CCS is seen as crucial to decarbonising electricity production in order to avert climate change and an area where Britain can build a successful new sector exporting equipment and engineering expertise.

But the government has been criticised for the lack of a long-term energy policy to give investors confidence and had to restart its £1bn competition to stimulate development of the technology after all the participants pulled out.

Senior ministers are due to meet today to formulate a policy for dealing with the UK’s future energy demands and, according to a report in today’s Guardian, cutting funding for CCS demonstration projects is on the table in negotiations to secure money for renewable energy subsidies.

The IMechE’s head of energy and environment, Dr Tim Fox, said in a statement: ‘The UK is at risk of going from a world leader to an also-ran in the race towards CCS technology. Projects in Canada, Norway and China are now moving those countries ahead of the UK, while we are swiftly losing momentum.

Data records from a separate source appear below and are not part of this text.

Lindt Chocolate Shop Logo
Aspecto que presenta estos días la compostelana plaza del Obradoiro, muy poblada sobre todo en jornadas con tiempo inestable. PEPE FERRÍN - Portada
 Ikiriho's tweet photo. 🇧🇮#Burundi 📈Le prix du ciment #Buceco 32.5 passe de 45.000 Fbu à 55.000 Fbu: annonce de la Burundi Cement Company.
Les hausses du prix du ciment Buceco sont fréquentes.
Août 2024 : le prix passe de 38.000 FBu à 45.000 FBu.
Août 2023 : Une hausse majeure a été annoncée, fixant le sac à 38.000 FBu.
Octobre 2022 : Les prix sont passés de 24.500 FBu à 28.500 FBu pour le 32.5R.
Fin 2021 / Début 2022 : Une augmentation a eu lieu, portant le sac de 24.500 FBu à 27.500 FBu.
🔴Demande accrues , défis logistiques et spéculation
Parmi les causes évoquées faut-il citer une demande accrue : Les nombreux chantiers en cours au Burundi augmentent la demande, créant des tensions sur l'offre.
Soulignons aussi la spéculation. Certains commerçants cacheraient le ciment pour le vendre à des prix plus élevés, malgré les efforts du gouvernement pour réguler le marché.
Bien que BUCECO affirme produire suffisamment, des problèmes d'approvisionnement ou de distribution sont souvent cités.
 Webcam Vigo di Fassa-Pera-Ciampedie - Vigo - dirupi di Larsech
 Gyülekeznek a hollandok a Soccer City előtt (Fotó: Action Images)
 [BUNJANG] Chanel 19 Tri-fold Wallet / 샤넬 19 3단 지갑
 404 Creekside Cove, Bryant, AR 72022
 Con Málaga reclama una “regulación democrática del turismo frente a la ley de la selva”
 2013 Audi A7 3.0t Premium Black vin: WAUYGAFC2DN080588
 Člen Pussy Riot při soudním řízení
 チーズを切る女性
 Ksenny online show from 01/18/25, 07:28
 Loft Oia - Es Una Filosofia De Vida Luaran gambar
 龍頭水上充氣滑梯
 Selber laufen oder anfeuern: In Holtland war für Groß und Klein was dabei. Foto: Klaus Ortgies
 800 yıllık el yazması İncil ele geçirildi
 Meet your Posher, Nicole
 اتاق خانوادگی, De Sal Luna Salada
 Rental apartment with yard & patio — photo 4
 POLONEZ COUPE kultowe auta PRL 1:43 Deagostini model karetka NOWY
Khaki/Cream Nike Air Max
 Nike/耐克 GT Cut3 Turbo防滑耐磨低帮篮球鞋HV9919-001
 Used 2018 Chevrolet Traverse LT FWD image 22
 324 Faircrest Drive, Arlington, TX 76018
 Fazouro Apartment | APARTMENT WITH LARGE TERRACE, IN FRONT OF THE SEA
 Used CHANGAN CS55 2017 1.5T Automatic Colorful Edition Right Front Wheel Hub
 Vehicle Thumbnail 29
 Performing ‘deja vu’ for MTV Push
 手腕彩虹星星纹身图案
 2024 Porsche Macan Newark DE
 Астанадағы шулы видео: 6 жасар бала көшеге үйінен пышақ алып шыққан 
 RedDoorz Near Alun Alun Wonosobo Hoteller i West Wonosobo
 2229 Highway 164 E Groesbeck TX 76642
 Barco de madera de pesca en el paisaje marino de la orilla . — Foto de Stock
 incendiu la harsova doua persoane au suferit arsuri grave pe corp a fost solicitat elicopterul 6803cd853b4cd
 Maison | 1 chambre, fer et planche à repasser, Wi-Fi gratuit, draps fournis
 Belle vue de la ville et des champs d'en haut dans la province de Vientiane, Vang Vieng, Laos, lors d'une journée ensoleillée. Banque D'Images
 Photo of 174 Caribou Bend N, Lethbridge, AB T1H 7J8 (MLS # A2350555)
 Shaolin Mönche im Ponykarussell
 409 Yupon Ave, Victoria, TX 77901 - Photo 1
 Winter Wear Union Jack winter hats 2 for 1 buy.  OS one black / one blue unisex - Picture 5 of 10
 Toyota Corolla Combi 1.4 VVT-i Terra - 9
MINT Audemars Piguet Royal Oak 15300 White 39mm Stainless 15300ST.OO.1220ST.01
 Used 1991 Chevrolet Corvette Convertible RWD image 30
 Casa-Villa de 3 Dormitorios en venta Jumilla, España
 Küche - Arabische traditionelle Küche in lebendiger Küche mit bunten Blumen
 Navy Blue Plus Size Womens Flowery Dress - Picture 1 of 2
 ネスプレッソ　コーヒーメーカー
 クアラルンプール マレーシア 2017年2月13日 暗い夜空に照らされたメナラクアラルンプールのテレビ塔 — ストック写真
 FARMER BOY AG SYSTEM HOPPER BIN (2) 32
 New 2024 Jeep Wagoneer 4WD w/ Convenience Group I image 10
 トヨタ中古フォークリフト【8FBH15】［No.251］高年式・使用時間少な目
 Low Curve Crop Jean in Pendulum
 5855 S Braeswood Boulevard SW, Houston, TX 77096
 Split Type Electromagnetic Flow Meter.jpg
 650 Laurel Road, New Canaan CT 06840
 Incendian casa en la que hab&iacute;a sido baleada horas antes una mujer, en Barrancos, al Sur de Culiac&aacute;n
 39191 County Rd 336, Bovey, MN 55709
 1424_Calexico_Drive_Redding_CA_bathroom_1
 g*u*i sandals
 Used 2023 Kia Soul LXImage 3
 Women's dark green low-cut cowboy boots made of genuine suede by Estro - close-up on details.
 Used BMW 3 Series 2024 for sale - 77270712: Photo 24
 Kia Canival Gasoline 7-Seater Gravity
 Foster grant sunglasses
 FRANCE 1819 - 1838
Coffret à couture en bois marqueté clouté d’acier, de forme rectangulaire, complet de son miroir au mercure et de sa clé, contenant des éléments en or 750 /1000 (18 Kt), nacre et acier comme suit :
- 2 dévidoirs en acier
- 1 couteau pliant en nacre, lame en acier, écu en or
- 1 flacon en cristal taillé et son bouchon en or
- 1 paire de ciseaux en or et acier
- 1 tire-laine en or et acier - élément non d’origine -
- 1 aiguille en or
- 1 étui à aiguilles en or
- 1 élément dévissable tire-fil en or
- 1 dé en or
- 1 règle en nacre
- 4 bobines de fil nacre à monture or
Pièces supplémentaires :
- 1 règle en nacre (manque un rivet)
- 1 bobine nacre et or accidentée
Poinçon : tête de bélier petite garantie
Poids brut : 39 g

‘The UK cannot meet its emission-reduction targets without CCS. This leaves the government with a choice. It can either let industry create a basic capability by itself, buying in expertise from abroad, or it can grasp the nettle, give CCS the public support it needs and help the UK become a world leader.

‘The government has been sitting on a £1bn fund, enough to kick-start development of CCS. Ministers are meeting today for yet more discussions on Britain’s energy future. It is time for them to stop delaying and get that funding urgently to the projects that show the most promise.’

The CCS competition was relaunched in April to open entry to a wider range of projects, including gas power stations and industrial plants. It closed for bids in July and competing operations will be required to be operational by 2020.

The Carbon Capture and Storage Association estimates that CCS could create 100,000 jobs across the UK by 2030, contributing £6.5bn to the UK’s economy.

The IMechE pointed out that if the UK is one of the first countries to develop CCS, the industry could be as big as the North Sea oil industry, taking a significant share of a £5tn global CCS business by 2050.